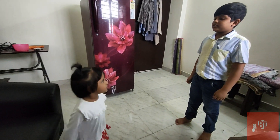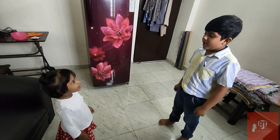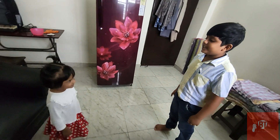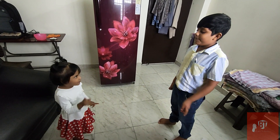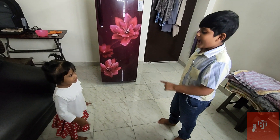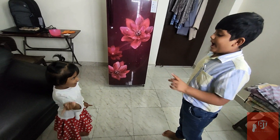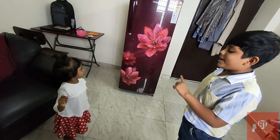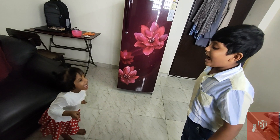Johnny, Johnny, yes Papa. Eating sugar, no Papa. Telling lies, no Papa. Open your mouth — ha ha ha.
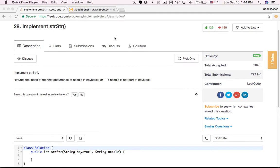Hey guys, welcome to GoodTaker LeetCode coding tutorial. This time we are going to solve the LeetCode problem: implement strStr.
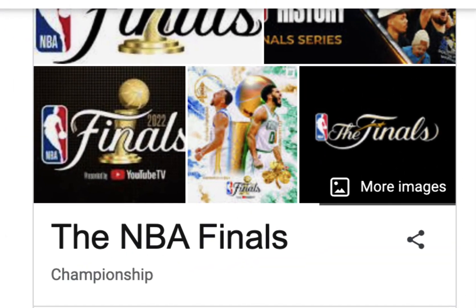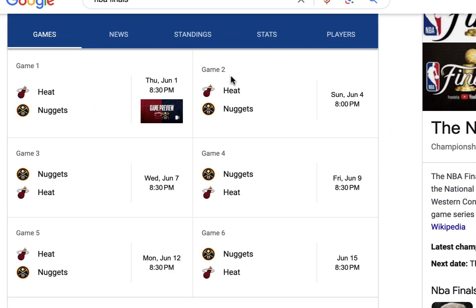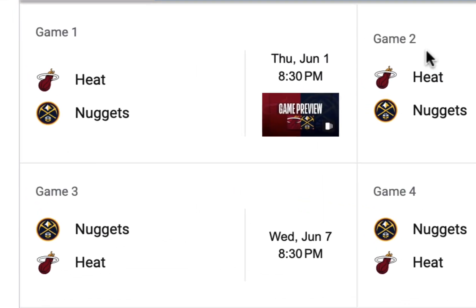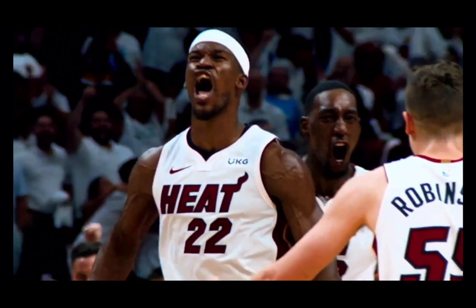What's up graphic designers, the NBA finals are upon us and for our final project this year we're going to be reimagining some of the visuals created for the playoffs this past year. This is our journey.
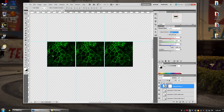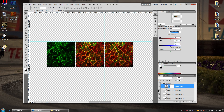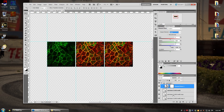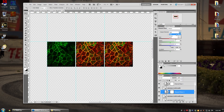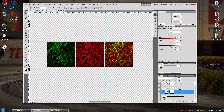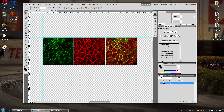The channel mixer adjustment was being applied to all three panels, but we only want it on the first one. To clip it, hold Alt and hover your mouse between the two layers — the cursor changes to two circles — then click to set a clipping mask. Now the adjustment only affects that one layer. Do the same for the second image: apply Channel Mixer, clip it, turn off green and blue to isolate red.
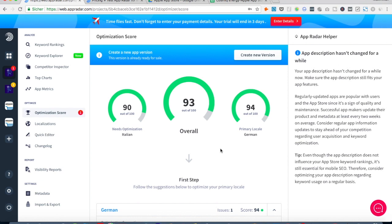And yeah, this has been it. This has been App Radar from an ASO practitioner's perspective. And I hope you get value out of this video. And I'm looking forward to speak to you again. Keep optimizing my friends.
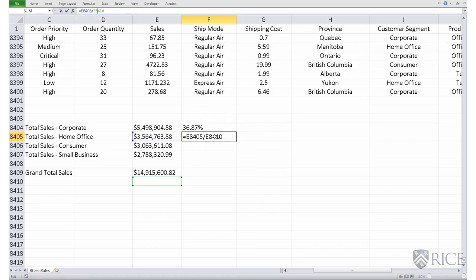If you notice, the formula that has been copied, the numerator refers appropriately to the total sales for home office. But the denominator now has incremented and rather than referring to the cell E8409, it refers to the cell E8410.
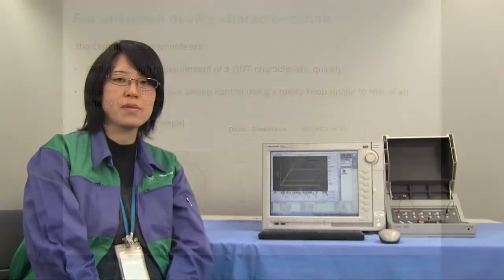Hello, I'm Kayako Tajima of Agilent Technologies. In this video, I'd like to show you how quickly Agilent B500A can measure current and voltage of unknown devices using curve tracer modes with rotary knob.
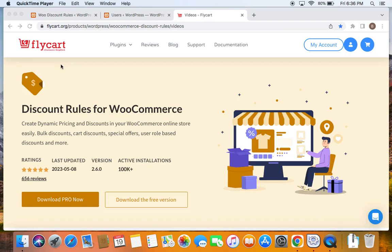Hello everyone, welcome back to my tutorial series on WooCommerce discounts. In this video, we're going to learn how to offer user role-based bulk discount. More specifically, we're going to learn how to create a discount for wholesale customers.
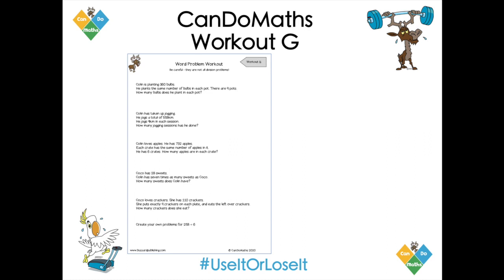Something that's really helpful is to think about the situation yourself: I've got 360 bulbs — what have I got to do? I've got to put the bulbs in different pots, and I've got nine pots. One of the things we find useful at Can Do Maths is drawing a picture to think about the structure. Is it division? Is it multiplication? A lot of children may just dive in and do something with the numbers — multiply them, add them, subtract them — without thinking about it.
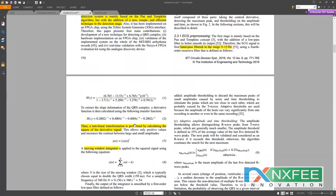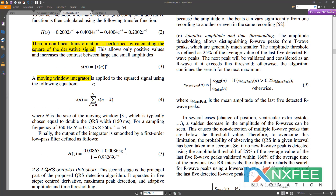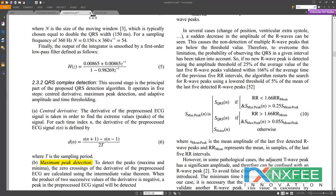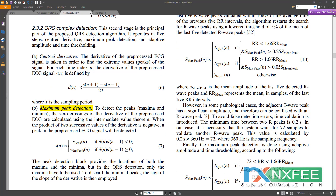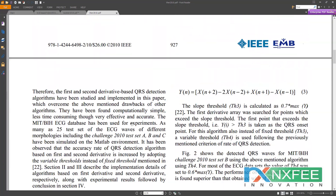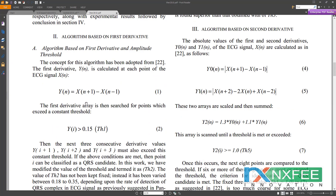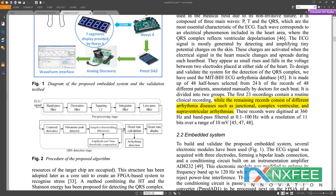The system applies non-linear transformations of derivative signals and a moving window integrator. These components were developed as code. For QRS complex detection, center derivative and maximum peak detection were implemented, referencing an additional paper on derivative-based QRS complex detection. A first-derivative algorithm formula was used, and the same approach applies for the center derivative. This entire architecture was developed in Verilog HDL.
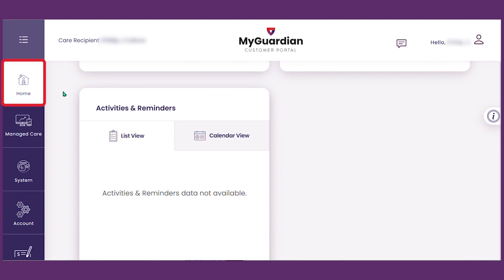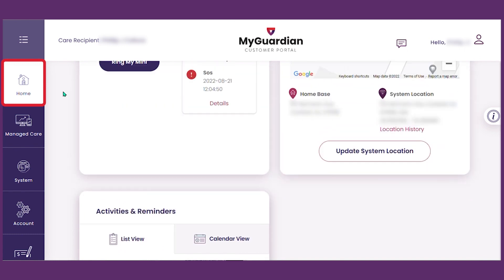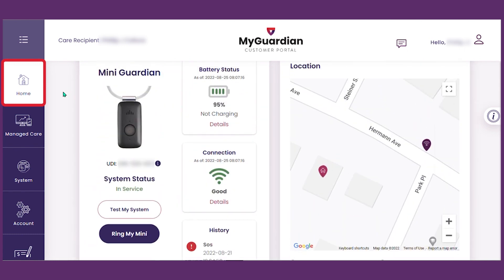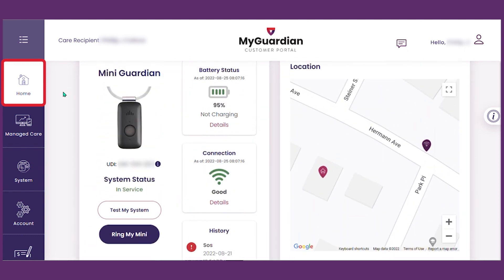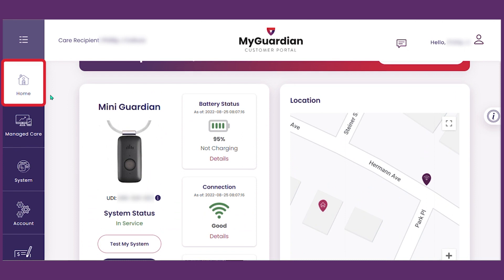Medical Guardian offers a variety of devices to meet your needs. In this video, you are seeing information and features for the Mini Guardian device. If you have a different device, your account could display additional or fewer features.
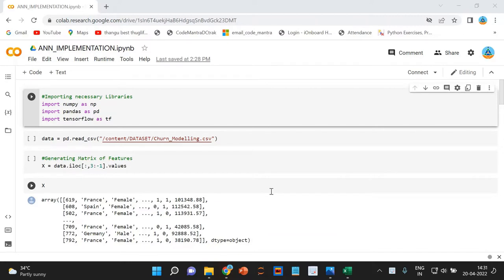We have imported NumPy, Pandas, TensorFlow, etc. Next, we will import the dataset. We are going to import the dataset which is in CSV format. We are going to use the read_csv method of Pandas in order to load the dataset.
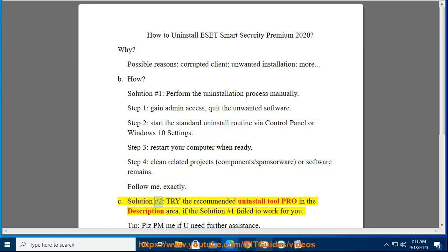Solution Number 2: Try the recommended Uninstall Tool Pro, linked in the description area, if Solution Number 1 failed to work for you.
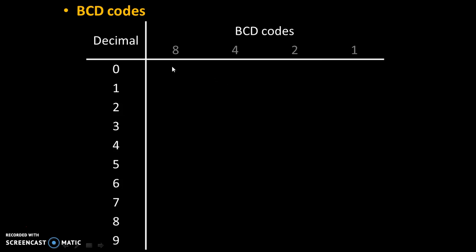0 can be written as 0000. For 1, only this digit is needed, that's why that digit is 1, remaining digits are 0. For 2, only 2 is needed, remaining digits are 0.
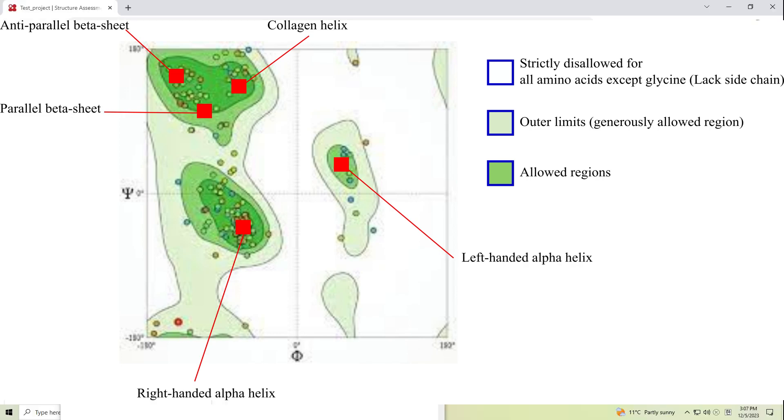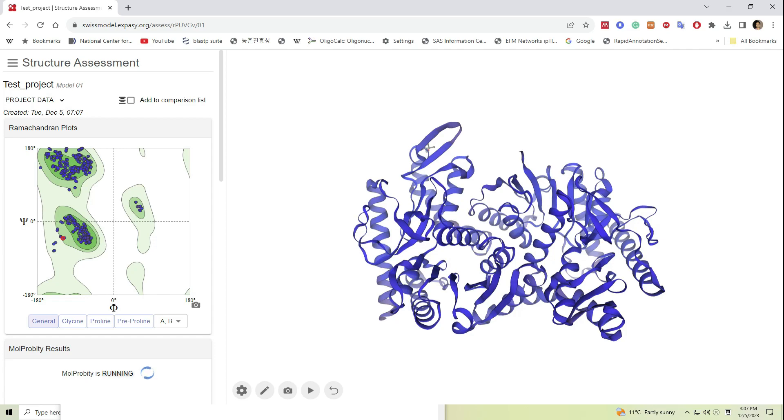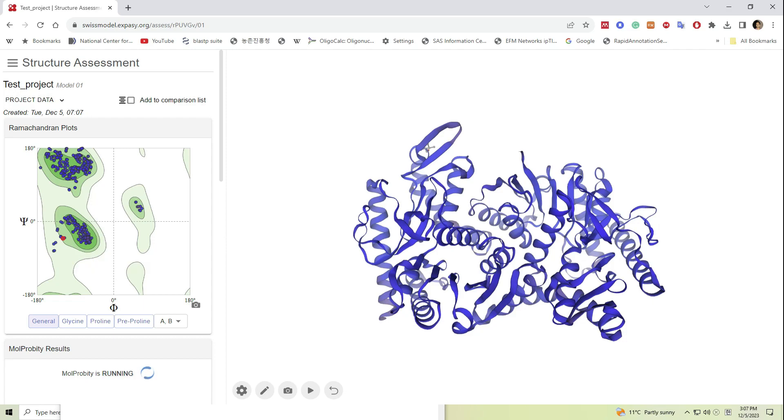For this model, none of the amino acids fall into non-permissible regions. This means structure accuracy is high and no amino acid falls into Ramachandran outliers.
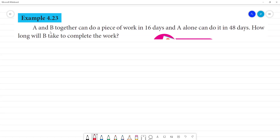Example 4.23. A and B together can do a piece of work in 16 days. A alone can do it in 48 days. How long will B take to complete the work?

### WHAT YOU HAVE TO DO
Make an exact copy of the listing above. Its pictures are not needed.

### RESPONSE FOR THIS EXERCISE
Johnny, Johnny, yes Papa. Eating sugar, no Papa. Telling lies, no Papa. Open your mouth — ha ha ha.
Hey guys, welcome to GoodTaker LeetCode coding tutorial. This time we are going to solve the LeetCode problem: implement strStr.
What's up graphic designers, the NBA finals are upon us and for our final project this year we're going to be reimagining some of the visuals created for the playoffs this past year. This is our journey.
The channel mixer adjustment was being applied to all three panels, but we only want it on the first one. To clip it, hold Alt and hover your mouse between the two layers — the cursor changes to two circles — then click to set a clipping mask. Now the adjustment only affects that one layer. Do the same for the second image: apply Channel Mixer, clip it, turn off green and blue to isolate red.
And yeah, this has been it. This has been App Radar from an ASO practitioner's perspective. And I hope you get value out of this video. And I'm looking forward to speak to you again. Keep optimizing my friends.
If you notice, the formula that has been copied, the numerator refers appropriately to the total sales for home office. But the denominator now has incremented and rather than referring to the cell E8409, it refers to the cell E8410.
Hello, I'm Kayako Tajima of Agilent Technologies. In this video, I'd like to show you how quickly Agilent B500A can measure current and voltage of unknown devices using curve tracer modes with rotary knob.
Hello everyone, welcome back to my tutorial series on WooCommerce discounts. In this video, we're going to learn how to offer user role-based bulk discount. More specifically, we're going to learn how to create a discount for wholesale customers.
Something that's really helpful is to think about the situation yourself: I've got 360 bulbs — what have I got to do? I've got to put the bulbs in different pots, and I've got nine pots. One of the things we find useful at Can Do Maths is drawing a picture to think about the structure. Is it division? Is it multiplication? A lot of children may just dive in and do something with the numbers — multiply them, add them, subtract them — without thinking about it.
The system applies non-linear transformations of derivative signals and a moving window integrator. These components were developed as code. For QRS complex detection, center derivative and maximum peak detection were implemented, referencing an additional paper on derivative-based QRS complex detection. A first-derivative algorithm formula was used, and the same approach applies for the center derivative. This entire architecture was developed in Verilog HDL.
Medical Guardian offers a variety of devices to meet your needs. In this video, you are seeing information and features for the Mini Guardian device. If you have a different device, your account could display additional or fewer features.
We have imported NumPy, Pandas, TensorFlow, etc. Next, we will import the dataset. We are going to import the dataset which is in CSV format. We are going to use the read_csv method of Pandas in order to load the dataset.
Solution Number 2: Try the recommended Uninstall Tool Pro, linked in the description area, if Solution Number 1 failed to work for you.
0 can be written as 0000. For 1, only this digit is needed, that's why that digit is 1, remaining digits are 0. For 2, only 2 is needed, remaining digits are 0.
For this model, none of the amino acids fall into non-permissible regions. This means structure accuracy is high and no amino acid falls into Ramachandran outliers.
Example 4.23. A and B together can do a piece of work in 16 days. A alone can do it in 48 days. How long will B take to complete the work?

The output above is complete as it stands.